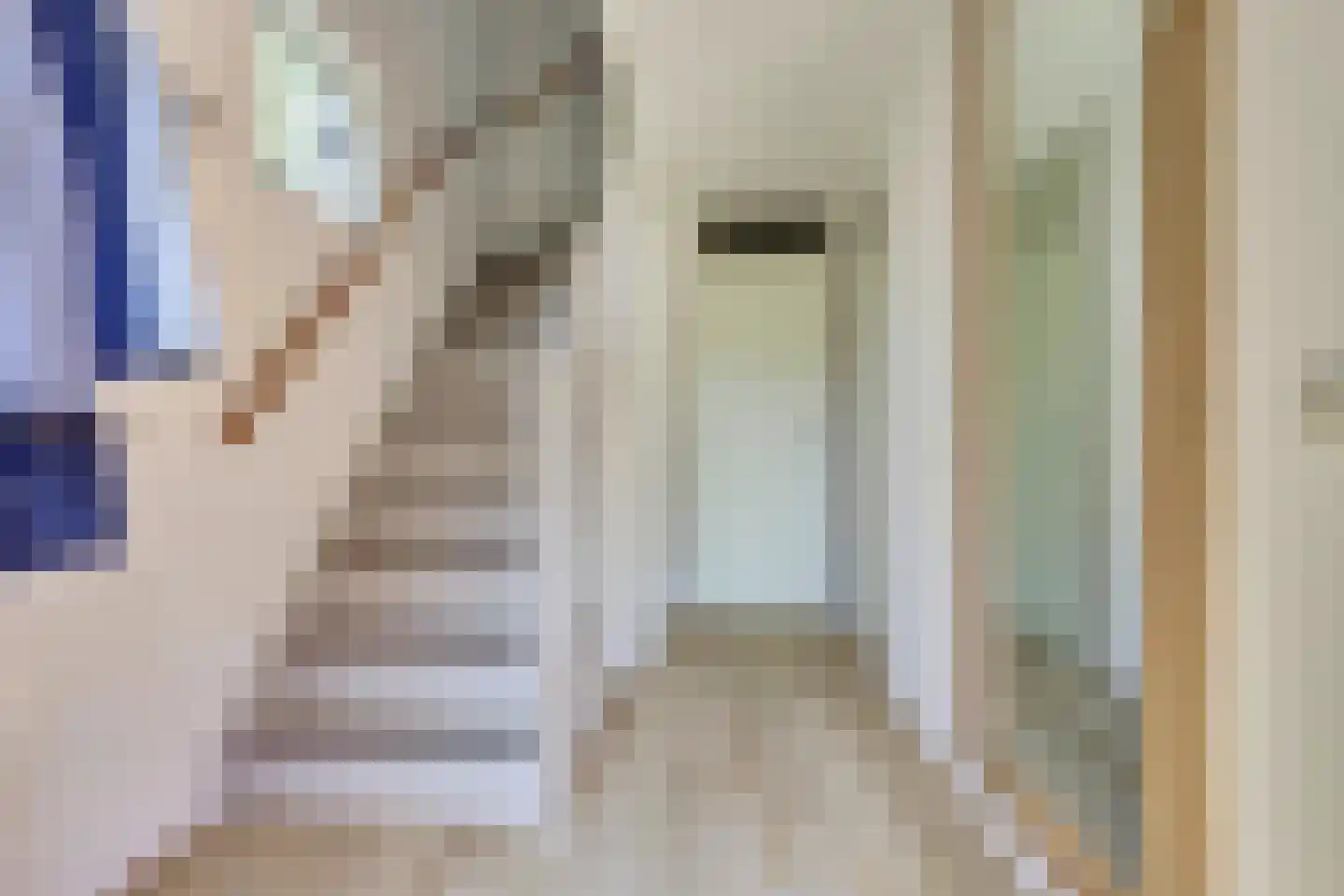 Bijenlaan 29 Leersum thumbnail 6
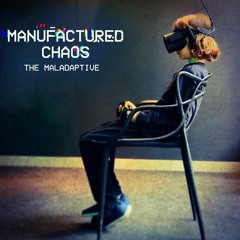 If We Only Shared a Language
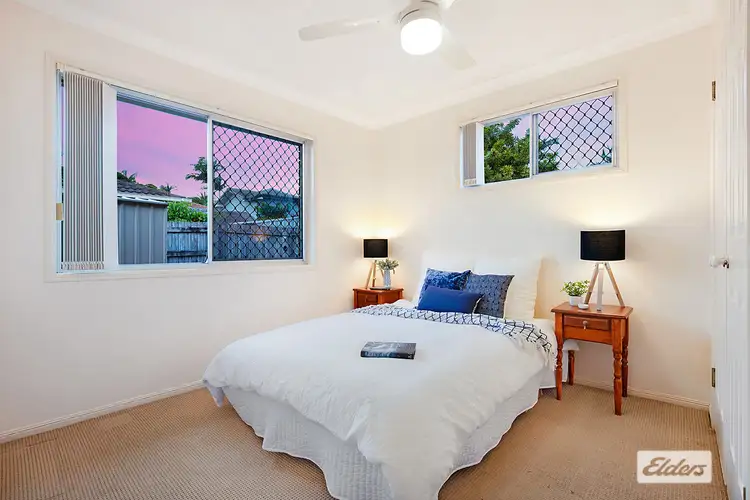 Sixth view of Homely house listing, 9 Seagull Street, Victoria Point QLD 4165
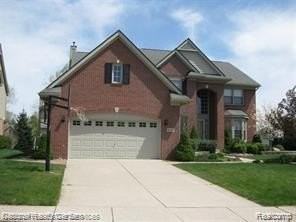 41119 Scarborough Ln - Photo 2 of 22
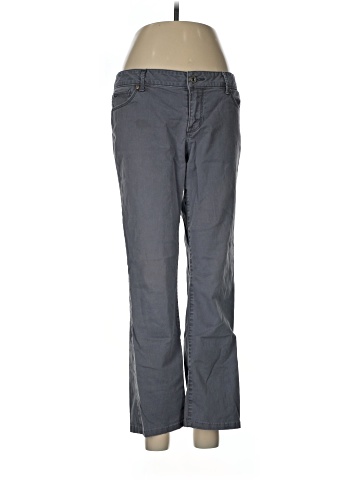 SONOMA life + style Casual Pants (view 1)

· · · · · · ·

Starting at the line that contains "Sixth view of", transcribe every line through the end of the listing exactly, including both end lines and excluding pictures.

 Sixth view of Homely house listing, 9 Seagull Street, Victoria Point QLD 4165
 41119 Scarborough Ln - Photo 2 of 22
 SONOMA life + style Casual Pants (view 1)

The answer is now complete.